Materials provided =>
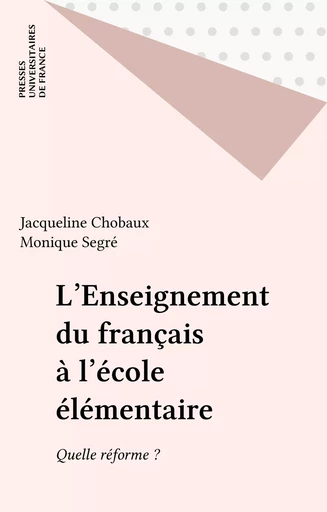 L'Enseignement du français à l'école élémentaire - Jacqueline Chobaux, Monique Segré - Presses universitaires de France (réédition numérique FeniXX)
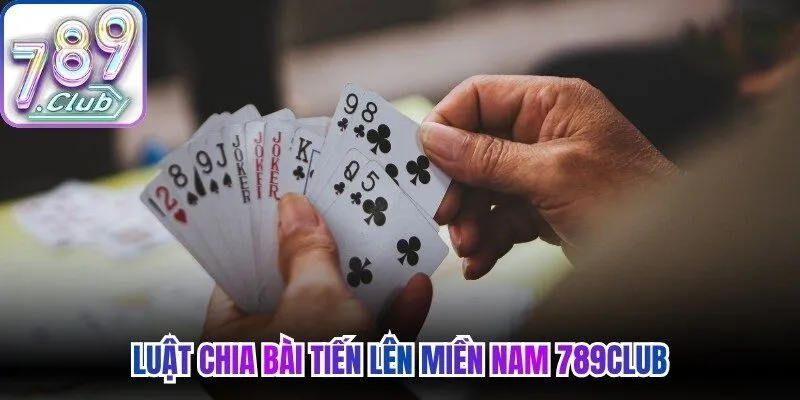Luật chia bài tiến lên miền Nam 789Club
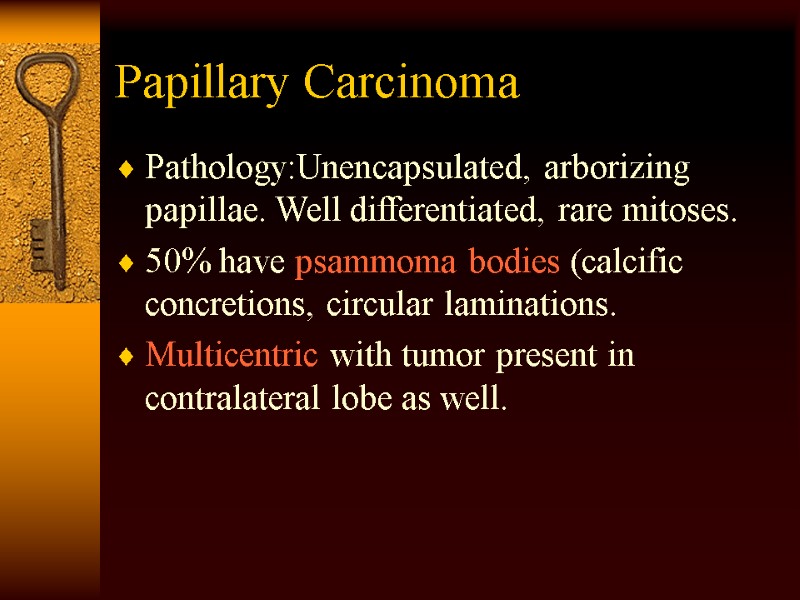 Papillary Carcinoma Pathology:Unencapsulated, arborizing papillae. Well differentiated, rare mitoses. 50% have psammoma bodies (calcific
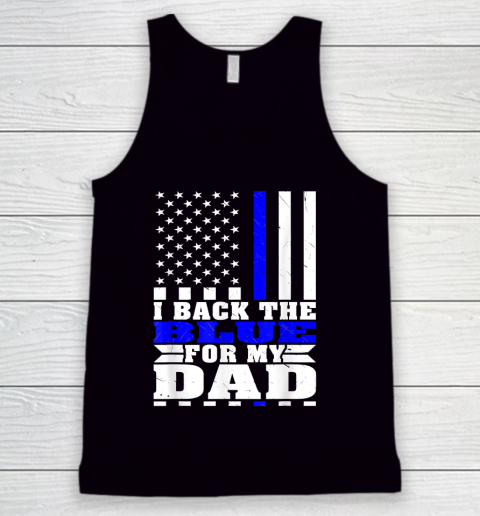 I Back The Blue For My Dad Proud Police Son Daughter Family Thin Blue Line Tank Top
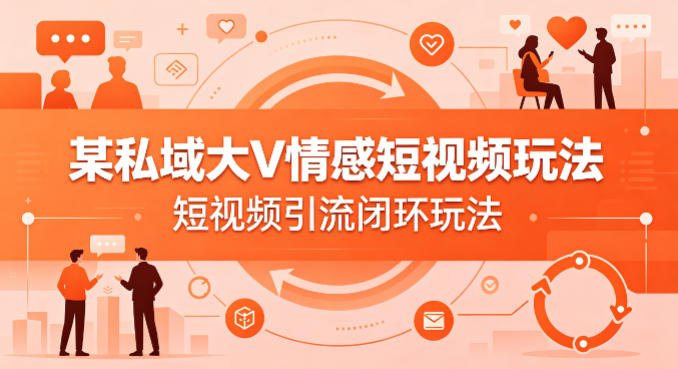 某私域大V情感短视频玩法,短视频引流闭环玩法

Problem description =>
Both the line containing "Papillary Carcinoma Pathology:Unencapsulated, arborizing" and the last line of the listing above belong in the copy, along with every line between them; retype them exactly and omit the pictures.

Solution for this exercise =>
 Papillary Carcinoma Pathology:Unencapsulated, arborizing papillae. Well differentiated, rare mitoses. 50% have psammoma bodies (calcific
 I Back The Blue For My Dad Proud Police Son Daughter Family Thin Blue Line Tank Top
 某私域大V情感短视频玩法,短视频引流闭环玩法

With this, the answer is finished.